Note on strict-double-bound numbers of nearly complete graphs missing some edges

Abstract

For a poset $P=(X,{\le }_P)$, the strict-double-bound graph (strict DB-graph $\mathrm{sDB}\left(P\right)$) is the graph on $X$ for which $u$ is adjacent to $v$ if and only if $u\ne v$ and there exist elements $x,y\in X$ distinct from $u$ and $v$ such that $x\le u\le y$ and $x\le v\le y$. The strict-double-bound number $\zeta \left(G\right)$ of a graph $G$ is defined as $min\{l;\mathrm{sDB}\left(P\right)\cong G\cup \overline{K_l}\text{ for some poset }P\}$.

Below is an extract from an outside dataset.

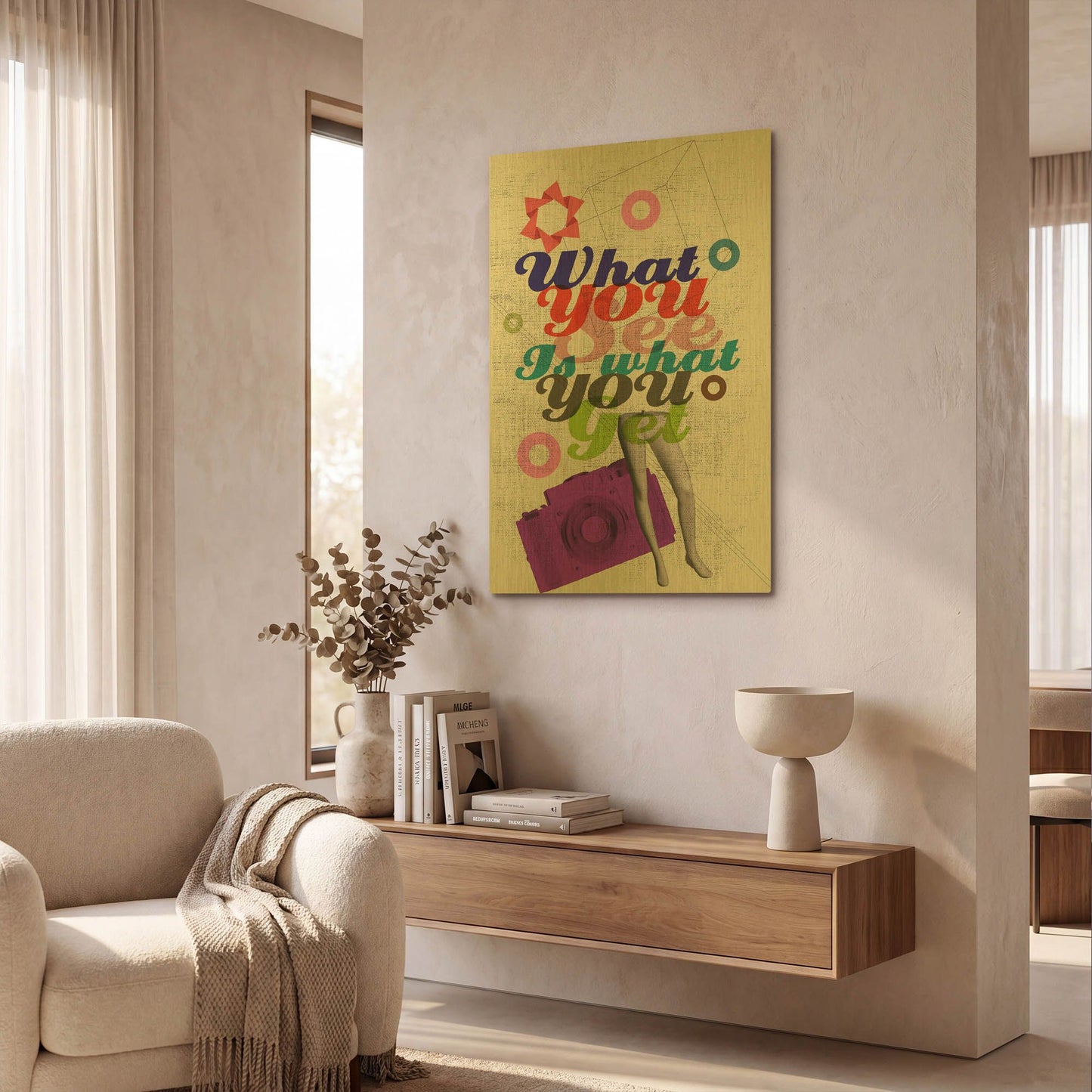 'What You See Is What You Get' By Elo Marc Gold Metal Wall Art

We obtain strict-double-bound numbers of nearly complete graphs missing one, two or three edges. In particular, we prove that $\zeta (K_n-e)=3,\zeta (K_n-E\left(P_3\right))=3,\zeta (K_n-E\left(2K_2\right))=4,\zeta (K_n-E\left(K_3\right))=4,\zeta (K_n-E\left(P_4\right))=4,\zeta (K_n-E\left(K_{1,3}\right))=3,\zeta (K_n-E(P_3\cup K_2))=4$ and $\zeta (K_3-E\left(3K_2\right))=5$.